第六話 天才魔術師の自信喪失
エドワードとの出会いから数日後。
アナスタシアの目は、次なる未来の犠牲者――天才魔術師の卵、カイへと向けられていた。
未来史の記述を思い返す。
彼は類稀な魔術の才能を持ちながら、精神を病み、制御を失った魔力暴走によって命を落とす。

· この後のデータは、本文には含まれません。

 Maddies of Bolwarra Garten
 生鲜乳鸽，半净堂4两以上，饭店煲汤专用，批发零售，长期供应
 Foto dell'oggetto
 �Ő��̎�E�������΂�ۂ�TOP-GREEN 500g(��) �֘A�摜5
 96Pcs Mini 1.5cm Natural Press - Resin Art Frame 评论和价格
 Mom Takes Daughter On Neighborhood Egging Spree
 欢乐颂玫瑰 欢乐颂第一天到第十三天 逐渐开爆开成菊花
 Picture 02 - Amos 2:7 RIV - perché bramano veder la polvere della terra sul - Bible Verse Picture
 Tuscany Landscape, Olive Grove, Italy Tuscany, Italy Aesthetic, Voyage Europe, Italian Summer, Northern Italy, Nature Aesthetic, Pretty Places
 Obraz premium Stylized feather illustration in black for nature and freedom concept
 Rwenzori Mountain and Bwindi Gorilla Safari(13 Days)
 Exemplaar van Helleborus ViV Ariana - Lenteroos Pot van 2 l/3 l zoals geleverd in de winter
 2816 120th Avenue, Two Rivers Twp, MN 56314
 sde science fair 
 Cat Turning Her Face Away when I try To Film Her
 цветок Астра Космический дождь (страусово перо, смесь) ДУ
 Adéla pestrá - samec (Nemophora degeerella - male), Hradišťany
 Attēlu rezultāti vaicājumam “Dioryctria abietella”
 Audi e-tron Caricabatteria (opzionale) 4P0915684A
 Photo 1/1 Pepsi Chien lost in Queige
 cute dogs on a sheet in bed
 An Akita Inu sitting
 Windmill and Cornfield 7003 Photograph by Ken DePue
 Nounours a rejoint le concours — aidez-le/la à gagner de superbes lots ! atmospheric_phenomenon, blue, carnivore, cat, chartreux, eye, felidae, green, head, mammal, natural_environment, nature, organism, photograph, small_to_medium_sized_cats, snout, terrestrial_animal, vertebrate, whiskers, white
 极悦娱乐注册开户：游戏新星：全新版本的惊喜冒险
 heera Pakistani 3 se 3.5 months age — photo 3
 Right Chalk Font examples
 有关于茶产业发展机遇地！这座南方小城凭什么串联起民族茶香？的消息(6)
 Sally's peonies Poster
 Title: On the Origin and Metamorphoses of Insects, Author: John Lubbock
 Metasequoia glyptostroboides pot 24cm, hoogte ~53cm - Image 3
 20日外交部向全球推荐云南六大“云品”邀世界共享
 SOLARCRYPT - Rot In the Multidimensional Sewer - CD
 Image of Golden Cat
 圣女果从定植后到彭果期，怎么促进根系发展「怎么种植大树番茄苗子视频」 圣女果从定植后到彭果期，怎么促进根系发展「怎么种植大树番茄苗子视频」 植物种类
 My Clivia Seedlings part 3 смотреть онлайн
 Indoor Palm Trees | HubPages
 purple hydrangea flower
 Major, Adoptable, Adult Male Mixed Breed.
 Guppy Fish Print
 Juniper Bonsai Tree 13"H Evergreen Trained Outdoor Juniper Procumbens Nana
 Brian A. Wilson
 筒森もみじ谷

その惨状は「学園史上最大の悲劇」とまで記されていた。
「……魔術の才を誇りながら、自滅なんて。何としても防がなきゃ」
だが、どうすれば?
アナスタシアは紅茶を口にしながら、じっと思案した。
――彼が壊れる原因は、才能を認められながらも同時に押し潰されていく心。
天才であるがゆえに孤独で、誰も寄り添わない。
未来史はそこまで淡々と記していた。
「なら、私は彼に寄り添うしかないわね」
◆
その日、学園の魔術実習場は異様な緊張感に包まれていた。
白い石造りの広間に、青白い光を帯びた魔法陣。
生徒たちが見守る中、銀髪の少年――カイが中央に立っていた。
「……カイ様、やはり特別ですね」
「火と氷を同時に操れるなんて」
「さすが『天才』だ」
口々に称賛の声が上がる。だがその中心にいる本人の顔は、硬く引き攣っていた。
「…………」
彼は両手を掲げ、炎と氷の球を生み出す。
だが次の瞬間、その二つがぶつかり合い――爆ぜた。
「っ!」
「危ない!」
爆風とともに熱風が走り、周囲の生徒たちが悲鳴を上げて散った。
石床に亀裂が走り、魔法陣が揺らぐ。
「……また、失敗だ」
カイが小さく呟いた声は、自分を責める刃そのものだった。
◆
「……大丈夫?」
爆煙が晴れたとき、アナスタシアが歩み寄っていた。
「あなた、カイ・エヴァンソンでしょ?」
「……っ! グランディール家の……!」
彼はアナスタシアを見るなり、身構えるように距離を取った。
王太子の婚約者、悪役令嬢。噂は学園中に響き渡っている。
そんな人物が、なぜ自分に? という警戒心がありありと見て取れた。
「心配しないで。私はあなたを笑いに来たんじゃないわ」
「……じゃあ、何の用だ」
「未来を変えに来たのよ」
その言葉に、カイの表情が一瞬だけ揺らぐ。
彼の中には、誰にも理解されない孤独と焦りがあった。
アナスタシアはそれを読み取るように、穏やかに続けた。
「さっきの失敗、誰もあなたを責めてはいなかったわ。むしろ皆、あなたが天才であることを信じている」
「……だからこそ、僕は……」
カイは苦々しく唇を噛む。
期待が重荷なのだ。
才能を褒められるたびに、それを裏切る恐怖に苛まれ、自分を追い詰めていく。
――未来史で彼が壊れる原因、それが今、目の前にある。
「カイ。あなたはもう十分にすごいわ」
「……っ」
「失敗したっていいじゃない。誰も完璧じゃないのよ。……私だって」
アナスタシアはわざと胸を張り、堂々と宣言した。
「私は未来史に『断罪される悪役令嬢』と書かれている女なのよ。完璧とは程遠いでしょ?」
カイの目が驚きに揺れ、そして思わず小さく笑みを漏らした。
「……おかしな人だな」
「おかしくて結構。私は未来を変えるために、あなたを救うって決めたんだから」
◆
その日の魔術実習は散々な結果に終わったが――
アナスタシアが去った後、カイは初めて「失敗を笑われなかった」ことに気づいた。
誰かが寄り添ってくれた。
ただそれだけで、胸の奥に小さな灯がともった。
未来史に描かれた暴走の悲劇は、まだ避けられていない。
だがアナスタシアは確かに、カイの孤独に手を差し伸べる最初の一歩を踏み出していた。